Instructions to follow: Repeat, word for word and with nothing added, each line from the one containing "Photo of free Habitat Rug 170x240 (TW9) #1" to the final line of the data, keeping both ends. Pictures are not part of the copy.

Stored data:
-------

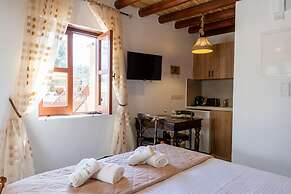 Stone Court Boutique Studios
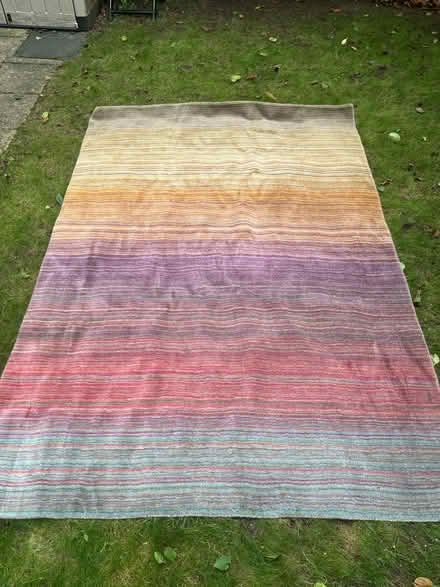 Photo of free Habitat Rug 170x240 (TW9) #1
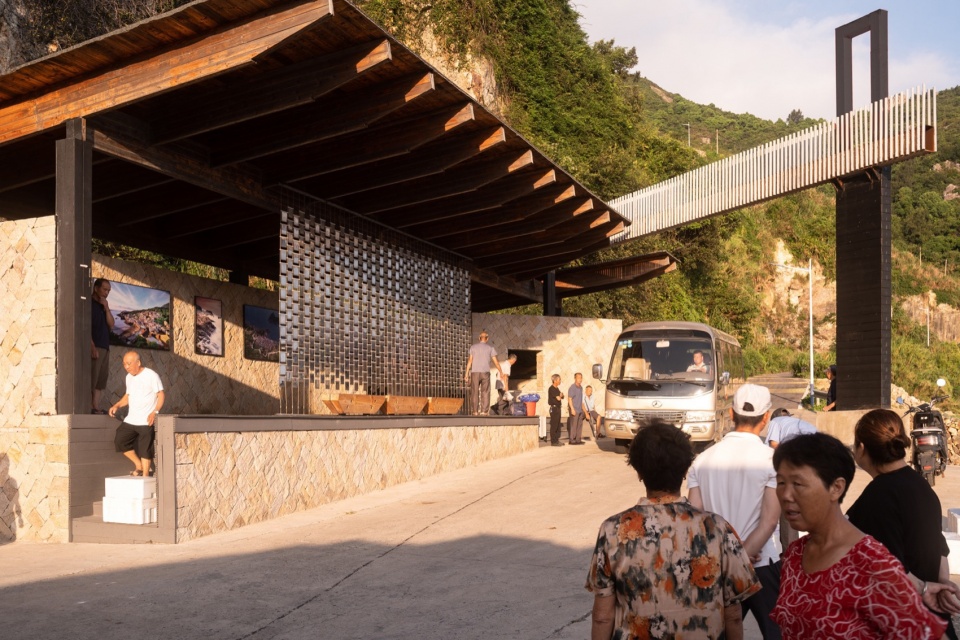 The Dongjiao Village bus station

-------

Finished task:
 Photo of free Habitat Rug 170x240 (TW9) #1
 The Dongjiao Village bus station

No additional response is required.